Published on February 18th, 2015 | By: Jessica McMathis0
Silicon carbide’s ‘superiority’ makes for promising silicon semiconductor substitute in high-performance sensorsPublished on February 18th, 2015 | By: Jessica McMathis
[Image above] Dzung Dao, senior lecturer at Griffith University’s School of Engineering. Credit: Michael Jacobson; Griffith University
Researchers at the Queensland Micro- and Nanotechnology Centre (QMNC) at Griffith University (Australia) have shown that silicon carbide’s “superiority” in not-so-superior conditions make the compound a promising substitute for silicon semiconductors in devices with mechanical and electrical sensors.
Their research also goes to show that silicon research is indeed among the five hottest fields in scientific research right now.
The work, published in Journal of Materials Chemistry C, was led by Dzung Dao, senior lecturer at Griffith’s School of Engineering.
According to a university press release, Dao and his QMNC colleagues grew the silicon carbide on six-inch silicon wafers at low temperature, generating p-type nanocrystalline SiC. They were able to demonstrate—for the first time—the effect of mechanical strain on SiC’s electrical conductivity.
The paper’s abstract states that the researchers measured the gauge factor to be 14.5, “one order of magnitude larger than that in most metals.” The results suggest that SiC’s mechanical strain strongly influences its electrical conductance, a characteristic that makes the researchers hopeful about the material’s future uses in specialty situations.
“Over the past 50 years, silicon has been the dominant material used as a semiconductor for sensing devices and that continues today in computers, mobile phones, automobiles, and more,” says Dao in the release. “However, silicon is not suitable for electronic devices at high temperatures above 200°C due to the generation of thermal carriers and junction leakage.
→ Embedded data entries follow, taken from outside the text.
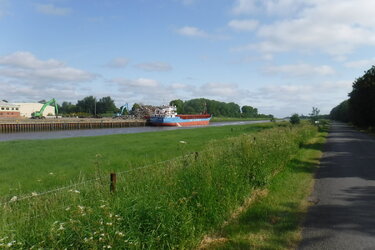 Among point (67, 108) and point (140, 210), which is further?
point (67, 108)

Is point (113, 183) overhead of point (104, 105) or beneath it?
beneath

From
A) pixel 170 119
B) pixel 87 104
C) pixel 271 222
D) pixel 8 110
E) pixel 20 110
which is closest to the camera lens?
pixel 271 222

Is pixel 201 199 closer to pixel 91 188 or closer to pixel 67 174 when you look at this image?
pixel 91 188

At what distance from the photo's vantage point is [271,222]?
6.01m

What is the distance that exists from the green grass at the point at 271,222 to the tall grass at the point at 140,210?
30 centimetres

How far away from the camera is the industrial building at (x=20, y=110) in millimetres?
104812

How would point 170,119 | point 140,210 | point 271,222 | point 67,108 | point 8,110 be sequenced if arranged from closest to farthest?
point 140,210, point 271,222, point 170,119, point 8,110, point 67,108

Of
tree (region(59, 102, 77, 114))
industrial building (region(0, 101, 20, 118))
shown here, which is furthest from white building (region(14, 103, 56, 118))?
tree (region(59, 102, 77, 114))

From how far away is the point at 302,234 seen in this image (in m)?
5.48

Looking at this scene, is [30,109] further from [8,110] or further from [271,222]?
[271,222]

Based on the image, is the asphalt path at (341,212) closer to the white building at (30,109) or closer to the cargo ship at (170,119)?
the cargo ship at (170,119)

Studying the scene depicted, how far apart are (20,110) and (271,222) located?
13393cm

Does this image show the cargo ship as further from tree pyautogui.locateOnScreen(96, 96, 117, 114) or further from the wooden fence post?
the wooden fence post

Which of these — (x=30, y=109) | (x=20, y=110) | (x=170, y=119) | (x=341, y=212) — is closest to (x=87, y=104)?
(x=30, y=109) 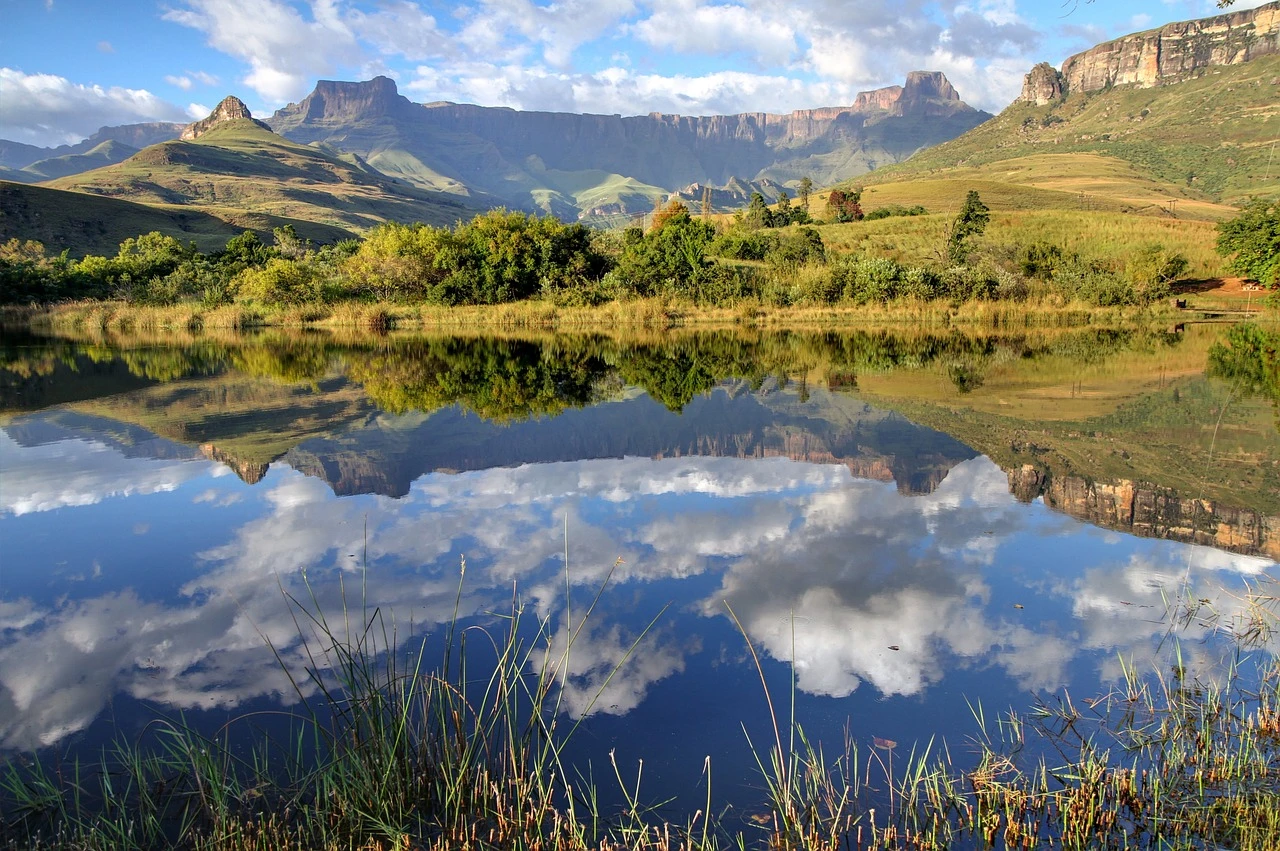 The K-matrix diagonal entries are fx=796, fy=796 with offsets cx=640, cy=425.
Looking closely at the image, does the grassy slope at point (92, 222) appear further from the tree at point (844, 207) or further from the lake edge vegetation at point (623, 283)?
the tree at point (844, 207)

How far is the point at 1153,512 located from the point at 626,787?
256 inches

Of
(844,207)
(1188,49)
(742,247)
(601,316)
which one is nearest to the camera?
(601,316)

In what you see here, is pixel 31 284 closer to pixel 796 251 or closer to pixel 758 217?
pixel 796 251

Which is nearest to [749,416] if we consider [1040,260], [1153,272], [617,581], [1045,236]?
[617,581]

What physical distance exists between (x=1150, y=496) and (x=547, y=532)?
6.17m

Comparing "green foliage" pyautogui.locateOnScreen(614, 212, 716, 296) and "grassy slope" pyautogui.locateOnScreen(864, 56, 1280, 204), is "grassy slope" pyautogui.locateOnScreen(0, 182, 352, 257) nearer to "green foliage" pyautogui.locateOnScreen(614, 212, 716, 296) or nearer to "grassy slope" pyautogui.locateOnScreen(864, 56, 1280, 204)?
"green foliage" pyautogui.locateOnScreen(614, 212, 716, 296)

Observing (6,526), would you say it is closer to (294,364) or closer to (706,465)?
(706,465)

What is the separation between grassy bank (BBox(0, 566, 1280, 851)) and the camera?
3229 mm

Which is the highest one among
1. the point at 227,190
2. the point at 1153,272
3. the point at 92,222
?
the point at 227,190

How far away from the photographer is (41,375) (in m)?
20.8

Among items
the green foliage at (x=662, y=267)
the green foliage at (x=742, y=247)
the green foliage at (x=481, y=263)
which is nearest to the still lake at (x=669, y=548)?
the green foliage at (x=662, y=267)

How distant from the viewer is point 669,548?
6977mm

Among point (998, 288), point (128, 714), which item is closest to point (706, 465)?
point (128, 714)

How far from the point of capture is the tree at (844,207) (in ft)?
221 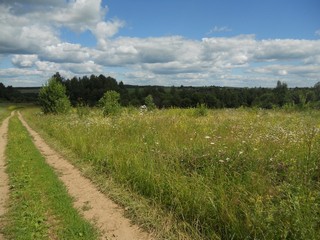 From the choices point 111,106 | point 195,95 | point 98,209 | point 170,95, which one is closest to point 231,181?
point 98,209

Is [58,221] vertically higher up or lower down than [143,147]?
lower down

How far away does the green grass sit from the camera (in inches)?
213

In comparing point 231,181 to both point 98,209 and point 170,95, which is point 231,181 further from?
point 170,95

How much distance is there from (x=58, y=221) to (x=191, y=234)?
2343 millimetres

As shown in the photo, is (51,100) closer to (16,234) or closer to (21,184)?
(21,184)

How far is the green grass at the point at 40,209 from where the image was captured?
5.41 metres

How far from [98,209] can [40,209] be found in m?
1.05

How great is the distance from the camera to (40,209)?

Silicon carbide, on the other hand, possesses excellent mechanical strength, chemical inertness, thermal durability, and electrical stability due to its unique electronic structure. Thus it holds promise as the material for high performance sensors in, for example, deep-oil and coal mining, combustion engines, energy conversion devices, and so on.
“In areas where the temperature can reach well above 200°C, chemical corrosion and mechanical shock are extreme. That’s where silicon carbide comes in,” he continues. “Silicon carbide is already used in power electronics and these results are very encouraging for sensor technology, particularly in harsh working environments.”
The findings could prove beneficial to a host of industries, including mining, aerospace, automotive, and biomedical, the university says.
The paper is “The effect of strain on the electrical conductance of p-type nanocrystalline silicon carbide thin films,” (DOI: 10.1039/C4TC02679A).